Find the average deviation for the grouped data given below: $$ \begin{array}{|c|c|c|c|c|c|} \hline \text { Class } & \text { Frequency } \mathrm{f}_{\mathrm{i}} & \text { Class Mark } \mathrm{X}_{\mathrm{i}} & \overline{\mathrm{X}} & \left|\mathrm{X}_{\mathrm{i}}-\overline{\mathrm{X}}\right| & \mathrm{f}_{\mathrm{i}}\left|\mathrm{X}_{\mathrm{i}}-\overline{\mathrm{X}}\right| \\\ \hline 49-54 & 6 & 51.5 & 66.5 & 15 & 90 \\ \hline 55-60 & 15 & 57.5 & 66.75 & 9 & 135 \\ \hline 61-66 & 24 & 63.5 & 66.5 & 3 & 72 \\ \hline 67-72 & 33 & 69.5 & 66.5 & 3 & 99 \\ \hline 73-78 & 22 & 75.5 & 66.5 & 9 & 198 \\ \hline \end{array} $$

Short Answer

Expert verified
The average deviation for the given grouped data is \(5.94\).

Step by step solution

01

Identify and Group Data

The given data is already grouped, and all the required columns are filled out. The class mark \(X_{i}\) is already given along with the frequency \(f_{i}\) and the absolute values of their deviation from the mean |\(X_{i}-\overline{X}\)| for each class.
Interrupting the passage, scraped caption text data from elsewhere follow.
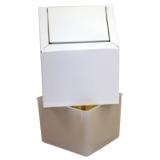 Health Gards® Swing Top Menstrual Care Receptacle, White 2201 2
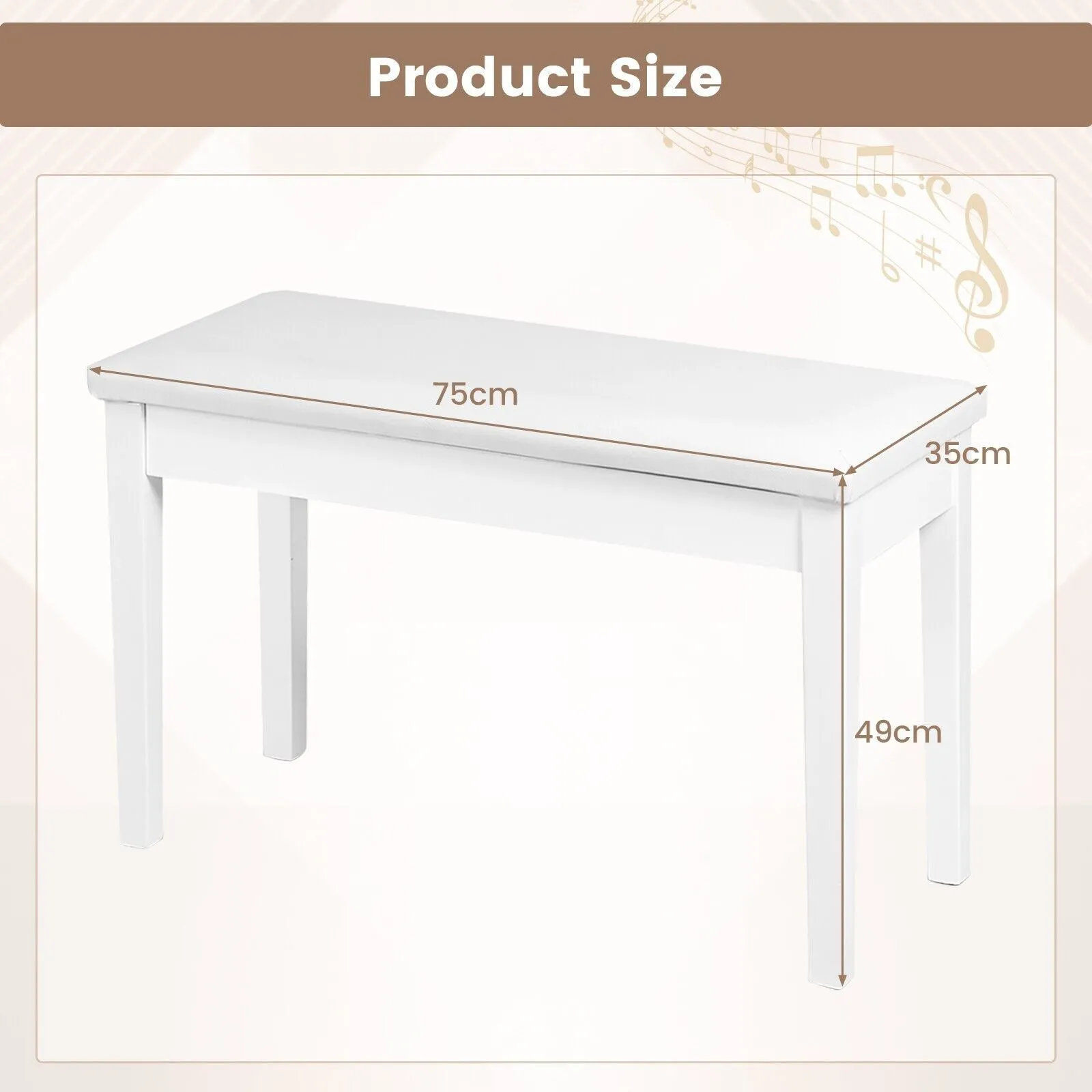 Costway 75cm PU Leather Piano Bench Double Duet Seat Padded Vanity Stool with Storage in White 2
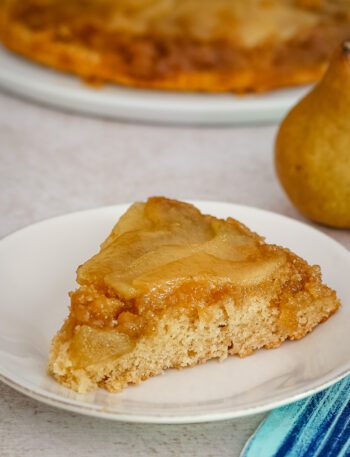 pear or peach upside-down cake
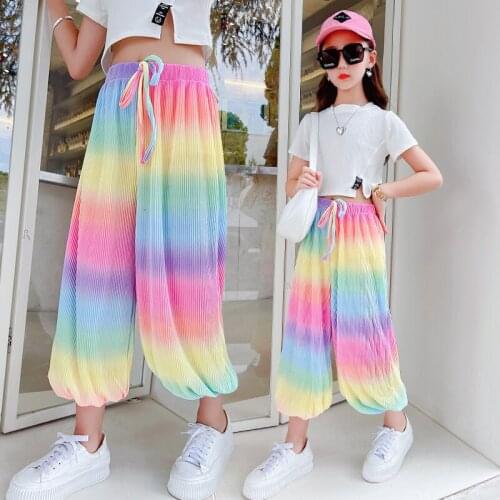 Rainbow Cargo Pants for Girls Summer Cotton Anti-Mosquito Pants Loose Pants Children Cool Streetwear Trousers 6 8 10 12 14 Years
The product \(f_{i}\cdot |X_{i}-\overline{X}|\) is also given.
02

Sum up the frequencies and the absolute deviations for each class

Identifying the column of \(f_{i}\cdot |X_{i}-\overline{X}|\), add up all these values. The sum \(\Sigma f_{i}\cdot |X_{i}-\overline{X}|\) equals 90+135+72+99+198 = 594. Similarly, add up the values of frequencies to get \(\Sigma f_{i}\) = 6+15+24+33+22 = 100.
03

Calculate the Average Deviation

Use the formula \(\text{Average deviation} = \frac{\Sigma\left(f_{i} \cdot \left|X_{i}-\overline{X}\right|\right)}{\Sigma f_{i}}\) to find out the average deviation. Substituting \(\Sigma\left(f_{i} \cdot \left|X_{i}-\overline{X}\right|\right) = 594\) and \(\Sigma f_{i} = 100\) into the formula, we get \(\text{Average deviation} = \frac{594}{100} = 5.94\). The average deviation for the given grouped data is 5.94.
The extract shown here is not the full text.